The Center's internal development expresses its primary functions - archival storage and research. The basic planning unit, a simple thirty-foot compartmentalized storage module, planned for repetitive expansions, grows to form the overall building. The system adapts morphologically to increased spans and special requirements of public spaces creating environments reminiscent of great-plains pole barns.

Inspired by the Mission's structure, the storage module solves program mandated fire protection without sprinklers or concealed spaces with an economical, environmentally sustainable, technologically efficient, laminated timber roof truss system. The exposed wood structure with articulated joinery and aluminum components expressive of the assembly system, instills in the building a refined order with indigenous ornament, yet retains a storehouse humbleness and recall of its architectural heritage.
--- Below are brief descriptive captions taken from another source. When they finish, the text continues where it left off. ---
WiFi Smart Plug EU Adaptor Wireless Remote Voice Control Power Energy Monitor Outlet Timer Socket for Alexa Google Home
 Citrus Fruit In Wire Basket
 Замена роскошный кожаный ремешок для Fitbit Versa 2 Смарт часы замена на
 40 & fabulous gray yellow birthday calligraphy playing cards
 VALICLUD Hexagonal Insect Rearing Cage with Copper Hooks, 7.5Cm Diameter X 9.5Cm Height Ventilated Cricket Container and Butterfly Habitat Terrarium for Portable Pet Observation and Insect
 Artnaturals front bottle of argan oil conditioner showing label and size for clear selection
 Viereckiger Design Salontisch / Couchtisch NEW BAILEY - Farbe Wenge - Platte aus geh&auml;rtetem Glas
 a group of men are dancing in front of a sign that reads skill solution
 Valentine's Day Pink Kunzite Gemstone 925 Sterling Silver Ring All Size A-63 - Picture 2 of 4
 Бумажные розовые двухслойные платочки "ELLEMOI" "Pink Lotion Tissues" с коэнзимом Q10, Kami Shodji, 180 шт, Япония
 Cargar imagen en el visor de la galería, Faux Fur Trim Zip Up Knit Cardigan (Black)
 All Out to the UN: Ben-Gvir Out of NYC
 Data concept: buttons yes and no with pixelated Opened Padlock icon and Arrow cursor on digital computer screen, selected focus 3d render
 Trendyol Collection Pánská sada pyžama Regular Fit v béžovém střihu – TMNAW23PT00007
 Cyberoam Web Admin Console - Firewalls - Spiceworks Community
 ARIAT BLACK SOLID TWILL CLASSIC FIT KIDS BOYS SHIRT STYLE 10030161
The Center connects to the existing Museum transforming the competitive condition between Mission and Museum into a framing composition that uses the Mission as a focal element and creates a central outdoor space for the Society's "living history form". The original site development is reorganized removing parking from around the Mission creating a more natural setting, restores a wagon trail and extends the Museum's existing canopy system to new entrances providing a mitigating buffer between new and historic structures. "The Center communicates to both public and staff that the work to be accomplished there is stimulating and important; and conveys the commitment of the institution and the state to its heritage."